╭─ Supplied data

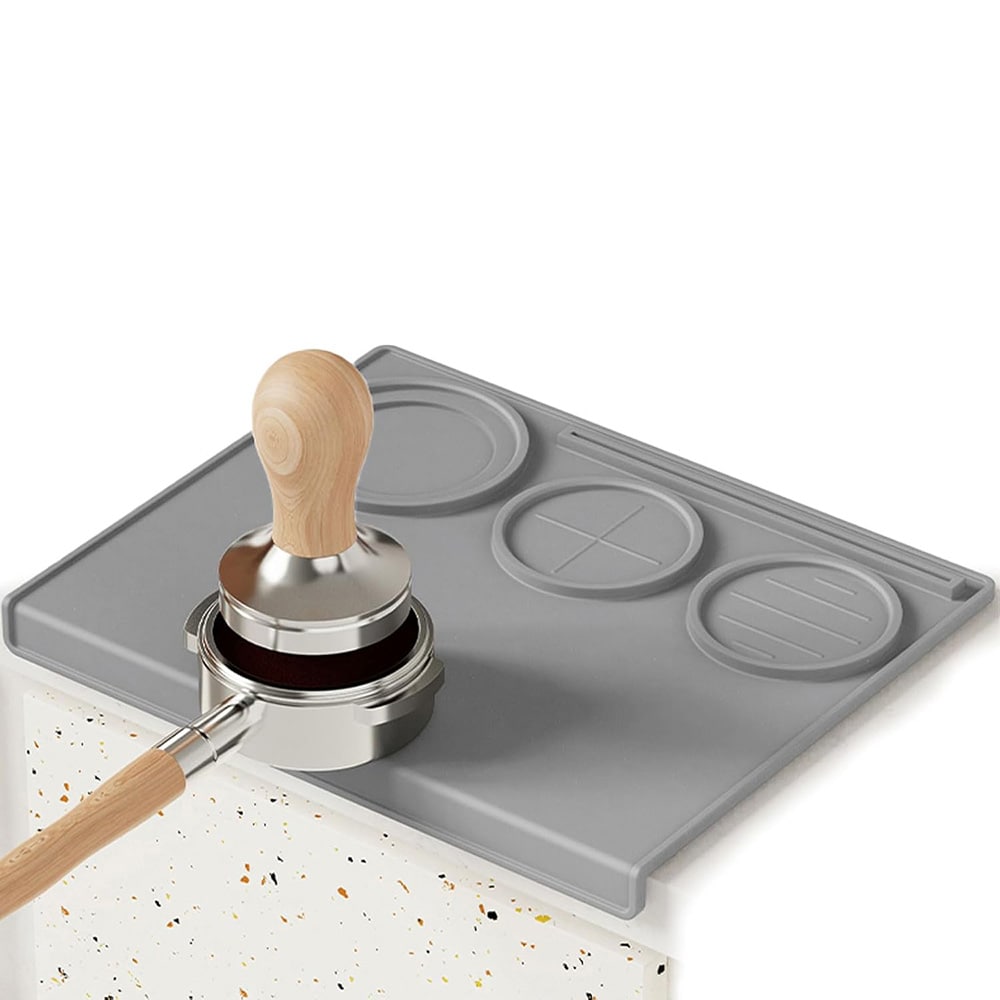 Silikone-tampemåtte 25x20 cm – Grå / Kaffetampemåtte / Espressomåtte til tampning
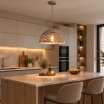 Lampadario a sospesione a campana cupola attacco E27 in metallo design moderno indutry nero bianco tortora sabbia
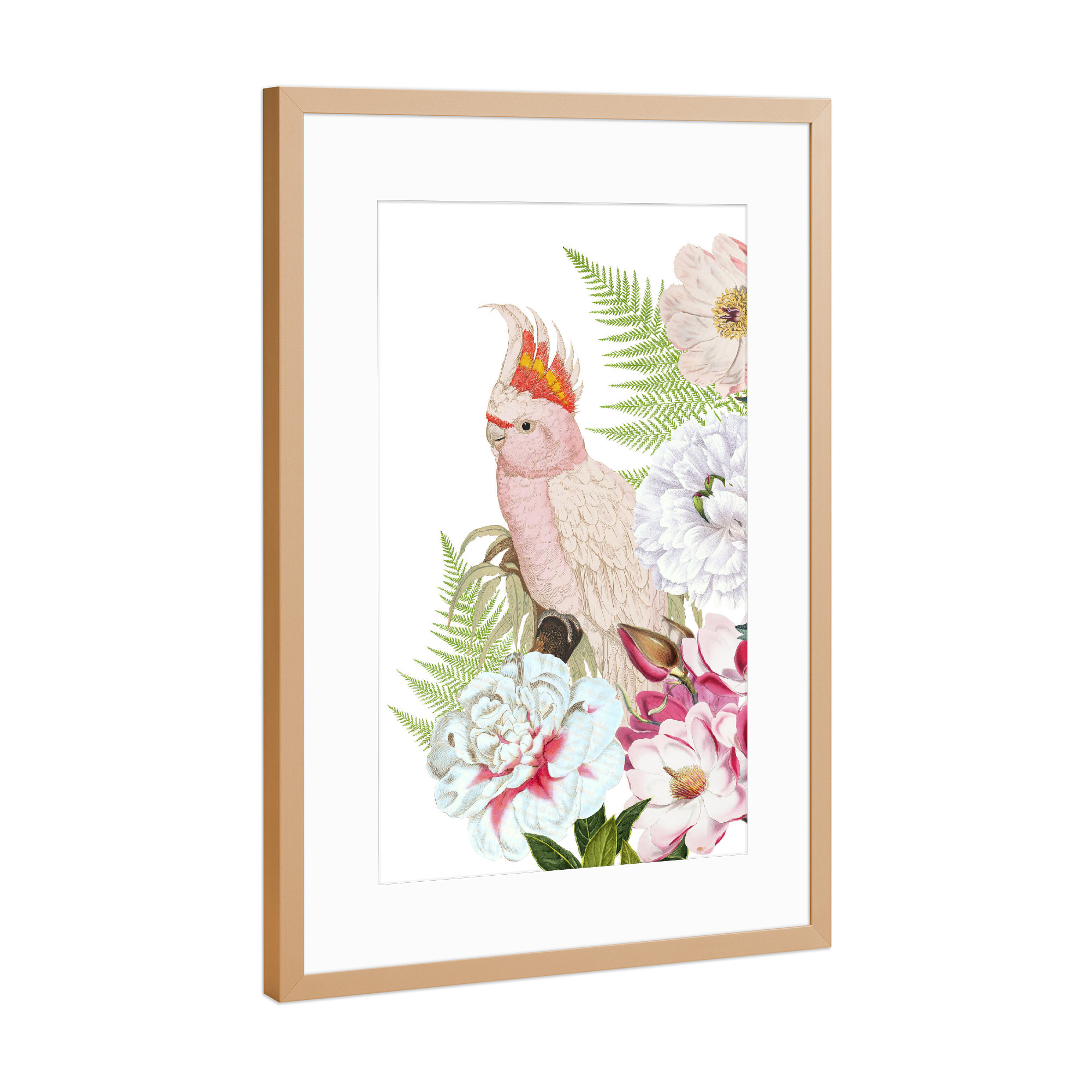 Poster mit Rahmen Kupfer "Flower Parrot" artboxONE - Natur,Floral,Tiere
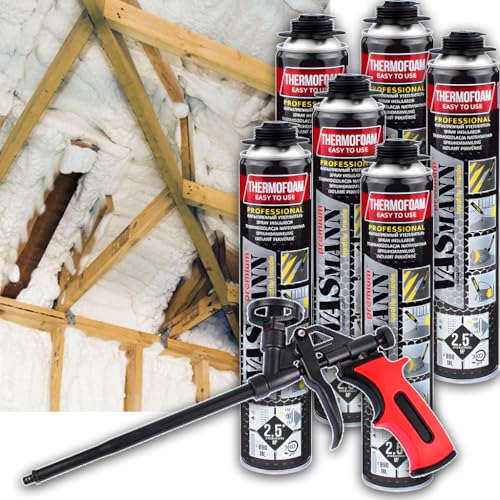 VASmann Sprühdämmung / Sprühisolierung Dachdämmung 6x890ml+Pistole Kellerdeckendämmung Zwischensparrendämmung Wärmedämmung EPS / XPS Dämmung Sprühdämmung (15m2+Pistole) von VASmann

╰─

• [Task]: Return the full listing above exactly as written, and omit the pictures.

• [Response to the task]:
 Silikone-tampemåtte 25x20 cm – Grå / Kaffetampemåtte / Espressomåtte til tampning
 Lampadario a sospesione a campana cupola attacco E27 in metallo design moderno indutry nero bianco tortora sabbia
 Poster mit Rahmen Kupfer "Flower Parrot" artboxONE - Natur,Floral,Tiere
 VASmann Sprühdämmung / Sprühisolierung Dachdämmung 6x890ml+Pistole Kellerdeckendämmung Zwischensparrendämmung Wärmedämmung EPS / XPS Dämmung Sprühdämmung (15m2+Pistole) von VASmann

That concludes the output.